How to visualize quantum entanglement?

In case you want to explain some central aspects of quantum information theory to curious people (like to explain aspects of the recent Nobel Prize in physics), some visualizations in my free online book might help you out.

Quantum entanglement visualized by a simple arrow in 4d

In 2018 I launched my “free online online book for curious people” www.quantencomputer-info.de .

I think, one of the main challenges for explaining quantum computing to laymen is to visualize central aspects in quantum theory. Of course, the Bloch sphere explains a qubit perfectly. But in my opinion it needs too much further explanation in order to be applicable for this purpose. Plus, the Bloch sphere lacks visualizing multiple-qubit states.

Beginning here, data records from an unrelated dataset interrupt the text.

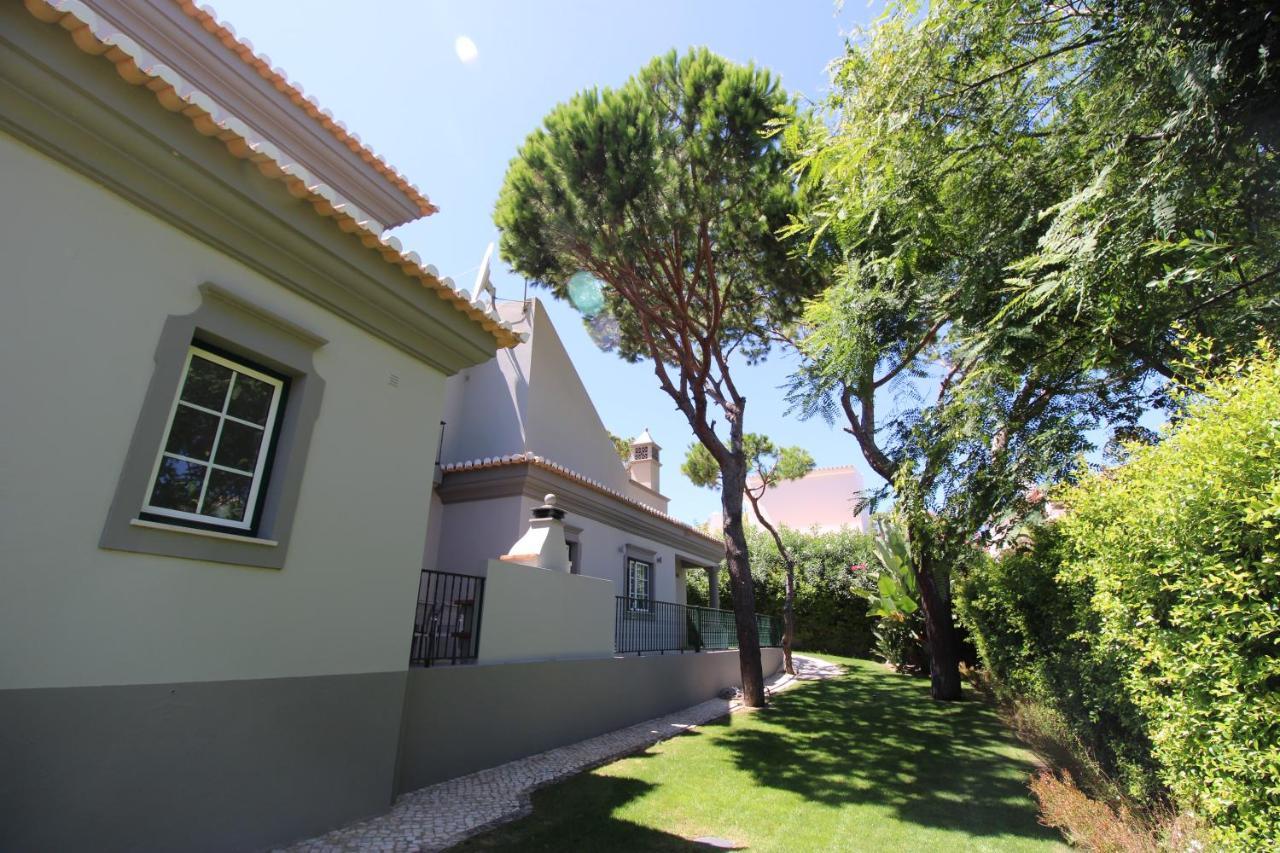 Charming Exceptional Golf Villa In Algarve FAO Kültér fotó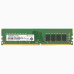 TRANSCEND DIMM DDR4 16GB 2666MHz 2Rx8 1Gx8 CL19 1.2V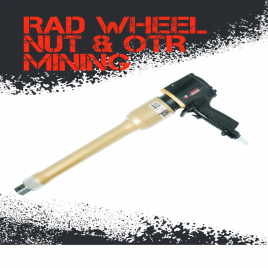 RAD Pneumatic Torque Wrenches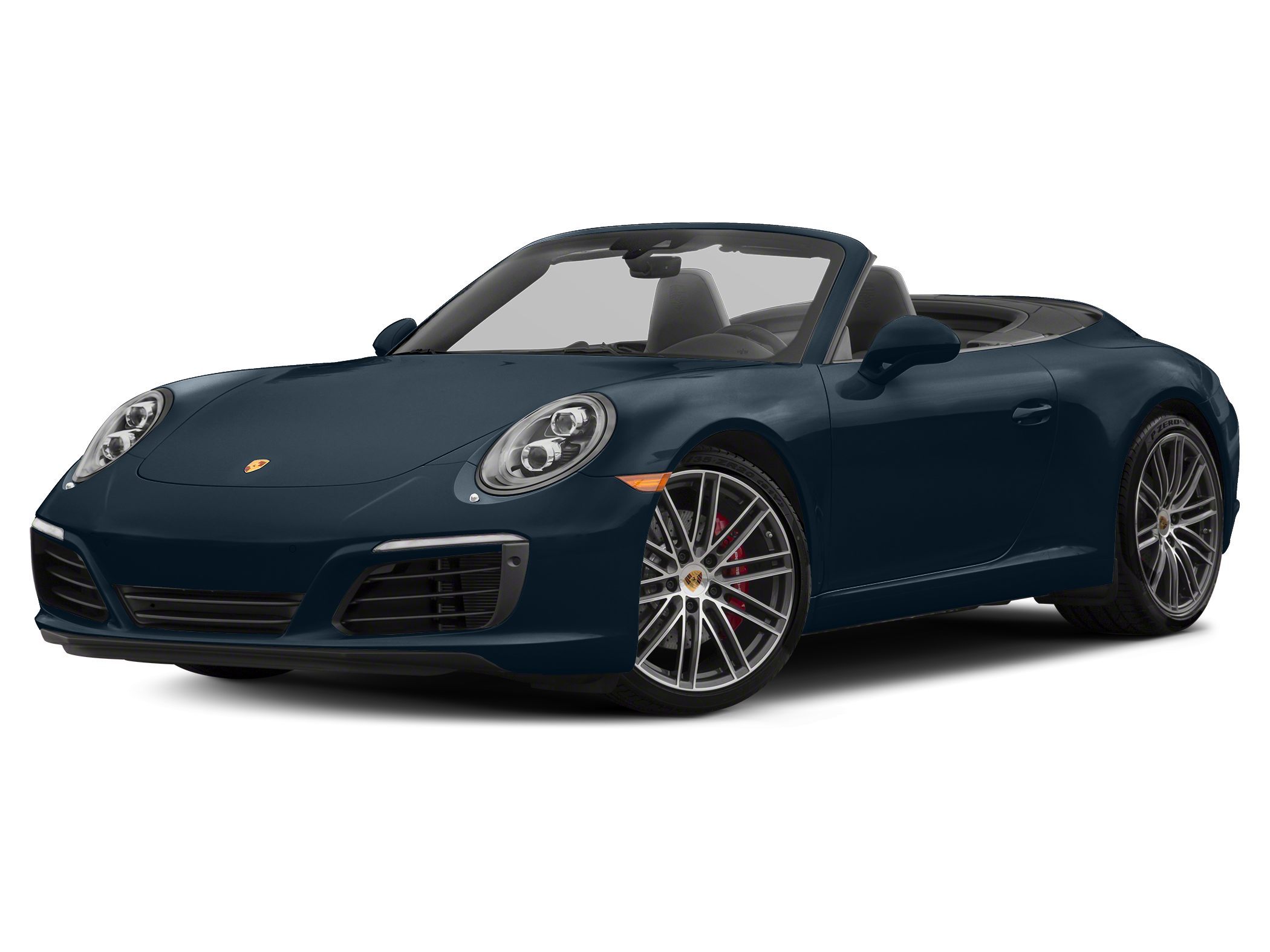 2019 Porsche 911 Carrera 4S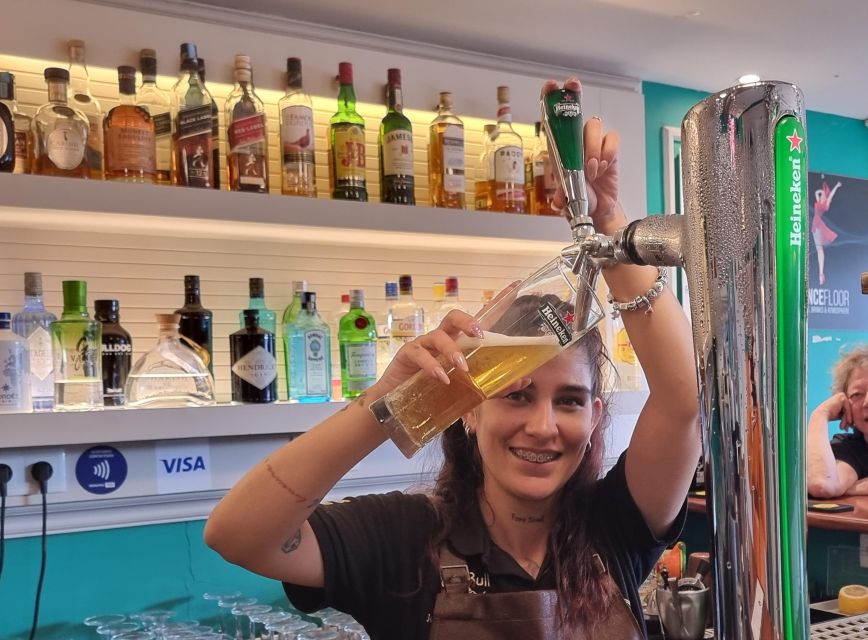 Madeira: Craft Beer Tour - What this Funchal beer tour is really about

So instead of the Bloch sphere, for my online book, I have decided to use simple arrow diagrams. On the one hand these “brutally” downgrade the complex Hilbert space to ordinary real Euclidean space, but on the other hand I think, they have some nice advantages like explaining

      • Hilbert space as a vector space
      • Amplitudes and probabilities
      • Unitaries as rotations
      • Provide intuition for multi-qubit states

A qubit as a simple arrow in a planeA qubit as a uniform superposition of the states 0 and 1 in the simplified visualization. The amplitudes of the two states are the red dashed lines at each axis. A measurement „collapses“ / rotates the arrow on one of the axis. The amplitudes / red dashed lines are indicators of the probability that this will happen.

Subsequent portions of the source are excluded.